A resource_names_unsubscribe field may contain superfluous resource names, which the server thought the client was already not subscribed to. The server must cleanly process such a request; it can simply ignore these phantom unsubscriptions.
In most cases (see below for exception), a server does not need to send any response if a request does nothing except unsubscribe from a resource; in particular, servers are not generally required to send a response with the unsubscribed resource name in the removed_resources field.
However, there is one exception to the above: When a client has a wildcard subscription (*
) and
a subscription to another specific resource name, it is possible that the specific resource name is
also included in the wildcard subscription, so if the client unsubscribes from that specific
resource name, it does not know whether or not to continue to cache the resource. To address this,
the server must send a response that includes the specific resource in either the
removed_resources
field (if it is not included in the wildcard) or in the
resources
field (if it is included in the wildcard).
Knowing When a Requested Resource Does Not Exist
When a resource subscribed to by a client does not exist, the server will send a DeltaDiscoveryResponse message that contains that resource’s name in the removed_resources field. This allows the client to quickly determine when a resource does not exist without waiting for a timeout, as would be done in the SotW protocol variants. However, clients are still encouraged to use a timeout to protect against the case where the management server fails to send a response in a timely manner.
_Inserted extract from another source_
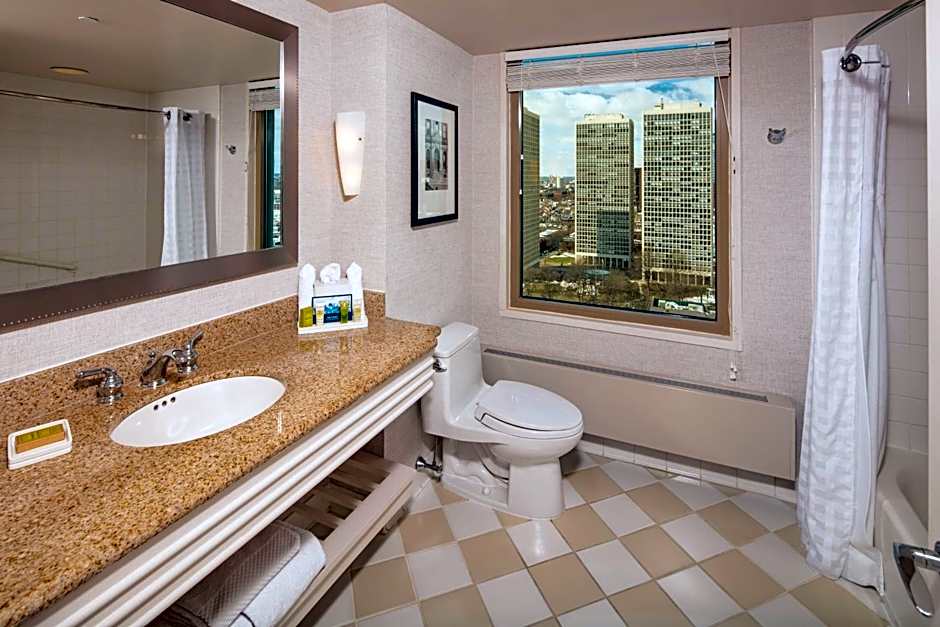 Hilton Philadelphia at Penn’s Landing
REST-JSON polling subscriptions
Synchronous (long) polling via REST endpoints is also available for the xDS singleton APIs. The above sequencing of messages is similar, except no persistent stream is maintained to the management server. It is expected that there is only a single outstanding request at any point in time, and as a result the response nonce is optional in REST-JSON. The JSON canonical transform of proto3 is used to encode DiscoveryRequest and DiscoveryResponse messages. ADS is not available for REST-JSON polling.
When the poll period is set to a small value, with the intention of long polling, then there is also a requirement to avoid sending a DiscoveryResponse unless a change to the underlying resources has occurred via a resource update.